Good to know - just spell out a bit more about checking your drive with the website?


----------



## mohurwitzmusic

3 months and counting, the update is still going strong for me


----------



## Dan Selby

mohurwitzmusic @ Thu Jan 15 said:


> 3 months and counting, the update is still going strong for me



That's great. Thanks, all - very helpful.


----------



## Tanuj Tiku

I can confirm that my SSD has dropped to about 50% read speed after about two months of the update.

This was a replacement from Samsung after the first one basically became useless in the first 2 months. 

This one had the same problem but it got rectified. However, I am now seeing about 200-250 Mb/s read speeds at best. 

I have asked for an advance RMA from them. I am not convinced of this drive. I am now only going to go for the Pro's or another competing brand.


Tanuj.


----------



## Guy Rowland

Oooh Tanuj, that is bad news, that's the first I've heard that the fix isn't really a fix.
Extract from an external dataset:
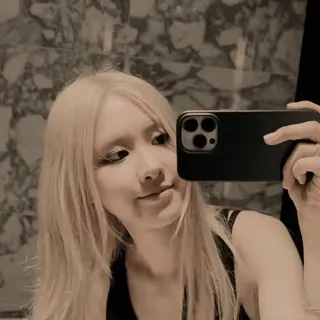 👩‍❤️‍💋‍👩 7c01cf0c whatsapp sticker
Yikes.


----------



## NYC Composer

Tanuj Tiku @ Thu Jan 15 said:


> I can confirm that my SSD has dropped to about 50% read speed after about two months of the update.
> 
> This was a replacement from Samsung after the first one basically became useless in the first 2 months.
> 
> This one had the same problem but it got rectified. However, I am now seeing about 200-250 Mb/s read speeds at best.
> 
> I have asked for an advance RMA from them. I am not convinced of this drive. I am now only going to go for the Pro's or another competing brand.
> 
> 
> Tanuj.



As I said earlier, I just don't see how anyone buys more of these drives without waiting 6 months to see if the problem persists after this ridiculously difficult fix. I still haven't fixed min. I bought a Crucial and copied it over. Screw 'em with the 840.


----------



## Dan Selby

Boo, that's not good, Tanuj.

Larry: I haven't seen anything from Crucial or elsewhere in the 1TB size that's close to the same price point as the 840 evo... or have I missed something?


----------



## Markus Kohlprath

I've just seen there is an evo 850. the 1tb is 400,-€. This might be the solution. But again we only can be sure after a couple of month.
Has anybody experience already?


----------



## Tanuj Tiku

Thanks guys!

I am surprised myself. I have also not yet heard of any problems since the update was released. 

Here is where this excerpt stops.